European Commission publishes 3rd Mobility Package in a bid to bring ambitious vehicle safety elements into EU legislation
The proposals can significantly improve road safety through crash avoidance and in-vehicle technologies as well as vehicle design and infrastructure safety. The update to the General Safety and Pedestrian Protection Regulations sets minimum safety standards for all new vehicles placed on the EU market. New safety measures include an intervening Intelligent Speed Assistance, Automatic Emergency Braking, and better direct vision for large vehicles.
The Road Safety Infrastructure Management Directive will also be updated. The proposal by the Commission will look to expand the scope of the Directive from TEN-T funded roads only to now include all national roads as well with procedures taking into account the needs of vulnerable road users. Cycling and road safety campaigners have welcomed the package and encourage a swift adoption of the proposals.
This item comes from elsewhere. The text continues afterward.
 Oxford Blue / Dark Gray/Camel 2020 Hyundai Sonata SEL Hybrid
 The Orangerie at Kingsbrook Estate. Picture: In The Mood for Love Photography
Also relevant for cities is a new communication for tackling air quality which addresses air in cities and cleaning the transport emissions as a priority. The document cites EU Commission plans for ‘’preparation of non-binding guidance with recommendations and best practices that can support local administrators in addressing aspects concerning urban vehicle access restrictions’’, creating a link with Sustainable Urban Mobility Plans. Polis is working closely with its members and the European Commission on this topic and will follow-up on these plans.
Another element relevant for cities is the communication for automated mobility. This strategy lays the ground for future work that the EC will want to undertake especially in the areas of in-vehicle data provision and standardisation.
Finally, a proposal for regulating emission performance standards for new heavy-duty vehicles (HDV) has been published. This is a long awaited proposal that can only be seen as a positive step towards decarbonisation of the road freight industry. According to the EC, CO2 emissions from trucks, buses and coaches, account for about 6% of total EU emissions and 25% of EU's road transport CO2 emissions but they are currently not regulated at EU level. Environmental NGOs welcome the proposal but argue that the 2025 target of 15% reduction falls short of the ambition demanded by businesses and what’s needed to hit the EU’s own climate goals.
Polis will study the different proposals and their relevance for the urban level to engage in a discussion with other European stakeholders and come up with a position on the topics that concern cities and regions.